Władze Siedlec nie widzą powodów dla których miałyby publikować na platformie BIP informacje o umowach zawartych przez siedlecki urząd. Tłumaczą co prawda, że wszystkim zależy na przejrzystości, ale nie na atmosferze podejrzliwości…

Targowisko sensacji

– Jeśli to zrobimy, stworzymy takie targowisko ludzkie, gdzie się patrzy i szuka sensacji. No nie wiem, tu są jakieś granice – twierdzi sekretarz urzędu miasta.  Sławomir Marchel zaznacza jednocześnie, że żadne regulacje prawne nie nakładają na jednostki samorządowe publikowania takiego katalogu. – Ani „Ustawa o dostępie do informacji publicznej”, ani rozporządzenie o BIP – dodaje.

Obowiązku co prawda nie ma, ale wyrokiem z listopada 2012 roku Sąd Najwyższy w Warszawie stwierdził, że informacje o umowach zawartych przez urząd – w tym personalia osób, którym płaci powinny być udostępnione każdemu. W efekcie władze stolicy zaczęły publikować rejestry na stronie internetowej, a dokładnie na stronie Biuletynie Informacji Publicznej.

Warto jednak w tym miejscu zaznaczyć, że dostęp do takiego rejestru umów ma każdy z nas jeśli złoży odpowiedni wniosek w urzędzie. Z drugiej strony coraz więcej samorządów decyduje się taką jawność w działaniu.

Czytać trzeba umieć

Sławomir Marchel co prawda twierdzi, że urząd pochyli się nad takim rozwiązaniem, ale prezydent miasta wydaje się być w tej kwestii bardziej zdecydowany.

– Do czytania takich dokumentów trzeba być przygotowanym i trzeba to robić w dobrej wierze – twierdzi. – Przed państwem (do radnych – od red.) nie ma żadnych tajemnic. Wy jesteście przygotowani do czytania takich dokumentów, możecie uzyskać informacje, możemy o tym dyskutować kierując się dobrem miasta. Natomiast boję się, że takie upublicznienie dostępu i możliwość wyrywania z kontekstu poszczególnych stron umów nie zawsze może służyć dobru naszego miasta – podkreśla Wojciech Kudelski.

Biuletyn Informacji Publicznej to specjalna platforma internetowa zawierająca określone informacje publiczne. Obowiązek jej posiadania mają wszystkie instytucje publiczne. To na niej znajdziemy informacje o przetargach, obwieszczenia, informacje o naborach na stanowiska urzędnicze.

28 komentarzy

  1. a dodano 9 lat temu

    Radni przygotowani do czytania takich dokumentów. Ciekawe gdzie nabyli taką umiejętność.

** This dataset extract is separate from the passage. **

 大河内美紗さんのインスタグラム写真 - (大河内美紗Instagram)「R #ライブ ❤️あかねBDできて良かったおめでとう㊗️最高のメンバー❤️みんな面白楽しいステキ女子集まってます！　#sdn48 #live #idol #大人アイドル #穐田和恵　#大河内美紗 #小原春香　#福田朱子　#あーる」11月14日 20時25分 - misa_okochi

  2. jawność! dodano 9 lat temu

    proszę o jawną informację, czy to prawda, że w aquaparku kierownik już jest odwołany? proszę prezydenta o jawne podanie przyczyn odwołania, bez jakichkolwiek oszustw.

  3. Tajne/poufne dodano 9 lat temu

    Nie można, ponieważ się okaże, że to na okrągło ci sami, zaufani od 8 lat.
    Od ręki wpiszcie kto to pisał!!!

  4. Kazimierz dodano 9 lat temu

    Pan Prezydent posługuje się dość dziwną logiką: "Natomiast boję się, że takie upublicznienie dostępu i możliwość wyrywania z kontekstu poszczególnych stron umów nie zawsze może służyć dobru naszego miasta".
    Otóż prawdopodobieństwo na "możliwość wyrywania z kontekstu poszczególnych stron umów" rośnie, gdy umowy te nie będą publikowane, lecz o dostęp do nich będą występowały poszczególne osoby. Wtedy nie będzie możliwości weryfikacji ewentualnych komentarzy do umów bez zapoznania się z całością dokumentu a ten nie będzie dostepny od przysłowiowej ręki.
    Kiepski argument Panie Prezydencie. Pan wymysli coś bardziej przekonywującego.

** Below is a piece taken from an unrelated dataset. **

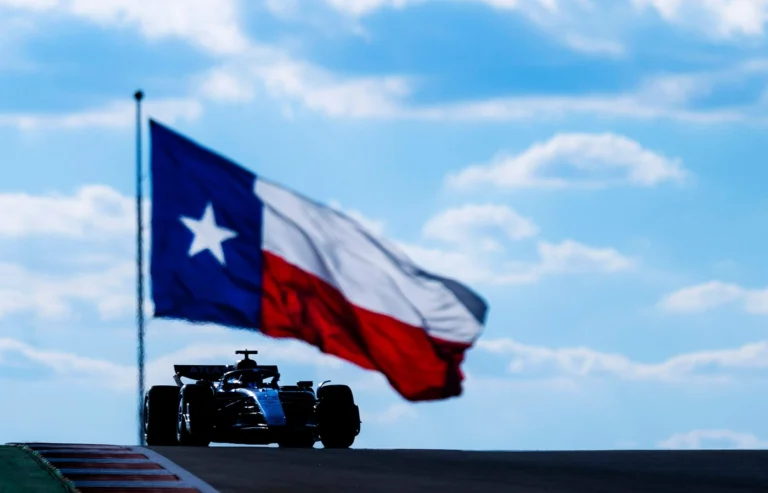 Un monoplaza de Williams rueda junto a la bandera de Texas en el Circuito de las Américas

    • Popieram dodano 9 lat temu

      Bardzo dobrze powiedziane. Jeżeli moja kasa jest wydawana publicznie, chcę wiedzieć: kto, dlaczego i za ile.
      Po takich publikacjach może się jednak okazać, że rynek szybko zweryfikuje zawierane umowy i stąd ta obawa…

    • słusznie dodano 9 lat temu

      czasami najgorsza prawda jest lepsza od dobrej plotki.
      Ale w kontekście tej wypowiedzi Kudelskiego można zaryzykować stwierdzenie, że pisowcy nadal kierują się sprawdzonym powiedzeniem klasyka: "ciemny lud kupi". Tyle, ze w tym wypadku chodzi o dwa pierwsze słowa tego powiedzenia "ciemny lud", za jaki uważają swoich wyborców, sugerując, że nie są oni w stanie pojąć – w XXI wieku, w dobie internetu – zawiłości związanych z zarządzaniem miastem.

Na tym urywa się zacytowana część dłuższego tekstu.